University of Maryland to Host Pioneering Climate Forum in May

The University of Maryland (UMD) will host the first ever Climate Action Forum on May 4th at its College Park campus.

The forum will precede the Climate Action 2016 Summit, to be held in Washington, D.C. on May 5th and 6th. Both the forum and the summit are designed to supplement the United Nations Climate Conference that took place in Paris last December.

Dr. Fernando Miralles-Wilhelm, Director of the University of Maryland’s Cooperative Institute for Climate and Satellites, is a co-organizer of the UMD-hosted event. He explained that the Paris agreements, which marked the 21st Conference of the Parties (COP21) of the United Nations, are primarily focused on the formulation of policies, but not on their implementation.

“Those meetings are particularly concentrated on trying to lay out road maps and policies and trying to get countries to agree to do things. But there’s really no follow up on what was agreed upon,” Miralles-Wilhelm said.

To keep the conversation going, a group of faculty and scientists at the University of Maryland, led by the Dean of Public Policy, Robert Orr, decided to bring world leaders together once again, this time in a different way.
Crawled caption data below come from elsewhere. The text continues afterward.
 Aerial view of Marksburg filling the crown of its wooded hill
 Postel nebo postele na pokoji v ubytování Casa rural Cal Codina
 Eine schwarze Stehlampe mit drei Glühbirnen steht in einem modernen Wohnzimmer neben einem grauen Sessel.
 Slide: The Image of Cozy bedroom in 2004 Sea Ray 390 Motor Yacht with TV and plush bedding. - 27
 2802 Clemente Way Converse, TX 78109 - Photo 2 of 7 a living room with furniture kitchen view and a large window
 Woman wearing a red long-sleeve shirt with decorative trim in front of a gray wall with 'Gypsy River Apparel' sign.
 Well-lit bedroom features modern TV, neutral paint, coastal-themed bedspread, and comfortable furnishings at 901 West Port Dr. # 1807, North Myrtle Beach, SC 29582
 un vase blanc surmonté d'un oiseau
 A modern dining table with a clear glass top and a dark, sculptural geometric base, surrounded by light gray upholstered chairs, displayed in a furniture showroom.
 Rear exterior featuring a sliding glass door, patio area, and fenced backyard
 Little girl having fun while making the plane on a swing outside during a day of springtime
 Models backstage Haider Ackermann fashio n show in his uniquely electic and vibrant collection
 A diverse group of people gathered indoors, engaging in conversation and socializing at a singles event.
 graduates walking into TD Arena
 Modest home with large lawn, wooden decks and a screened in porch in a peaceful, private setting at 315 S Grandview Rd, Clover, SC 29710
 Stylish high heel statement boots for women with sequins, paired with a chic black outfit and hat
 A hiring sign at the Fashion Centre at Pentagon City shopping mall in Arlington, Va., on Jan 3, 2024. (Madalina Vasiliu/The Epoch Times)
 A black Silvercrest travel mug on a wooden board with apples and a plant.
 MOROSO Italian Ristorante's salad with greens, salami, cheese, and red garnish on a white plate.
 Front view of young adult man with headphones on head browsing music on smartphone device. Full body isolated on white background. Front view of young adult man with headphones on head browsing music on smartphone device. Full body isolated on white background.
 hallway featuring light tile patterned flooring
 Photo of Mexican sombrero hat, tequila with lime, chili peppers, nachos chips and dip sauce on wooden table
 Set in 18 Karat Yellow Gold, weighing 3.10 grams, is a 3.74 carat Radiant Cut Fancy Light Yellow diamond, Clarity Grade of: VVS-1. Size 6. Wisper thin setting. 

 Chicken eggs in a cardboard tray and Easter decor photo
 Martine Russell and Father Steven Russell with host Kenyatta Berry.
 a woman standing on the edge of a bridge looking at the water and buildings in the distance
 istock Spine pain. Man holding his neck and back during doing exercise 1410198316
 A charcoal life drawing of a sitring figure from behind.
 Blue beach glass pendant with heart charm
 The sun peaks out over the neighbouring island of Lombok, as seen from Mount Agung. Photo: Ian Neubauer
According to Miralles-Wilhelm, Orr’s vision for a follow-on discussion would include science and technical experts, not just world leaders.

“He concocted this idea that it would be nice to have a mid-year summit that would be different,” explained Miralles-Wilhelm. “The audience would be slightly different; not just heads of state, but more of the doers. They would focus more on implementation of whatever was agreed on in the Paris meetings.”

While the larger two-day Climate Action Summit requires a formal invitation, the UMD-hosted Climate Action Forum is open to the public. Members of academia and leaders from the public and private sector were invited to submit detailed proposals, which will be discussed at the forum. So far, forum-organizers have received over sixty proposals, which they’ve pared-down to roughly twenty.

For scientists at UMD’s Earth System Science Interdisciplinary Center (ESSIC), the idea of reoccurring forums and workshops on climate change presents a unique opportunity for Center researchers to highlight their own efforts and expertise.

“Particularly [for] us here at ESSIC, we have a lot to contribute on the science side, so we’re very much looking forward to this happening more frequently,” said Miralles-Wilhelm.

As a first-time event, an overall consensus on how to best gauge success or a desired outcome is somewhat challenging.  Organizers are optimistic however, that the UMD-hosted forum will help continue to bridge the gap between simply talking about climate change and actually doing something about it.

“There was a missing piece in the middle that connects the agreements and the policy-making, which is the theoretical and scientific backbone upon which you make decisions,” Miralles-Wilhelm noted. “What we expect this will do is create an academic backbone to the process.”